Data records Block Start

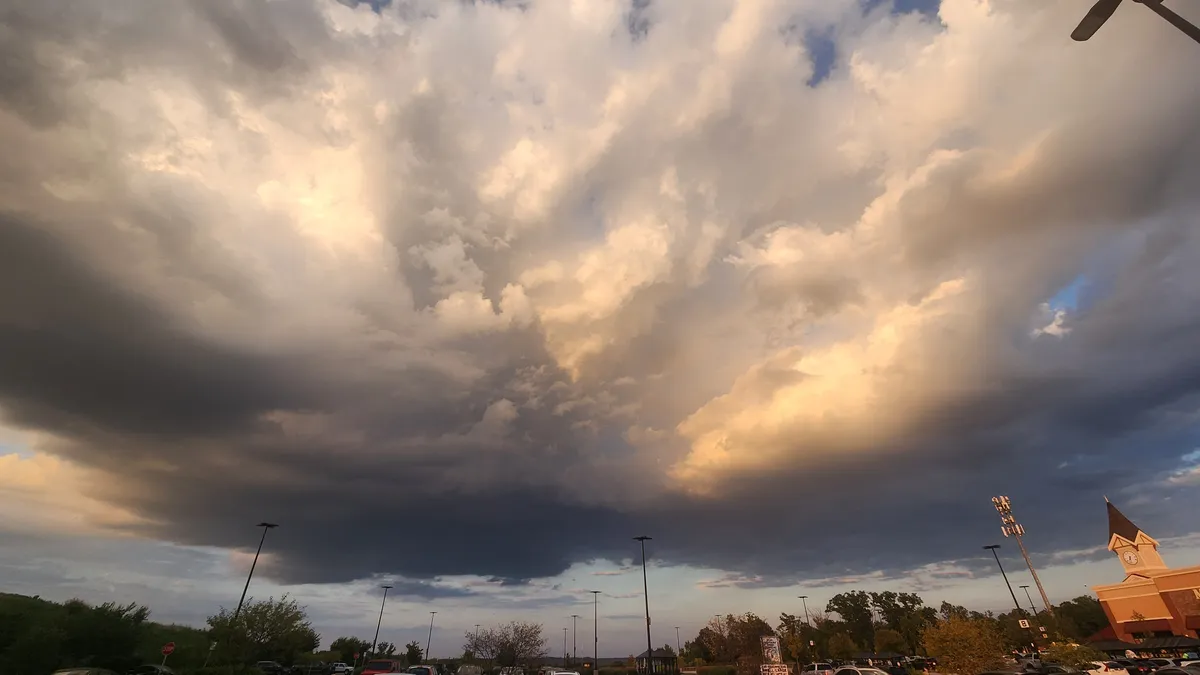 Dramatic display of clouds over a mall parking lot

Data records Block End
Data records Block Start

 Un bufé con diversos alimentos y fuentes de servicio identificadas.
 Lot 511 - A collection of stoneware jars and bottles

Data records Block End

### [Work request]
Only one stretch of the entries above is wanted: the lines from the one containing "Un bufé con" through the one containing "Lot 511 - A". Please reproduce it exactly.

### [Response below]
 Un bufé con diversos alimentos y fuentes de servicio identificadas.
 Lot 511 - A collection of stoneware jars and bottles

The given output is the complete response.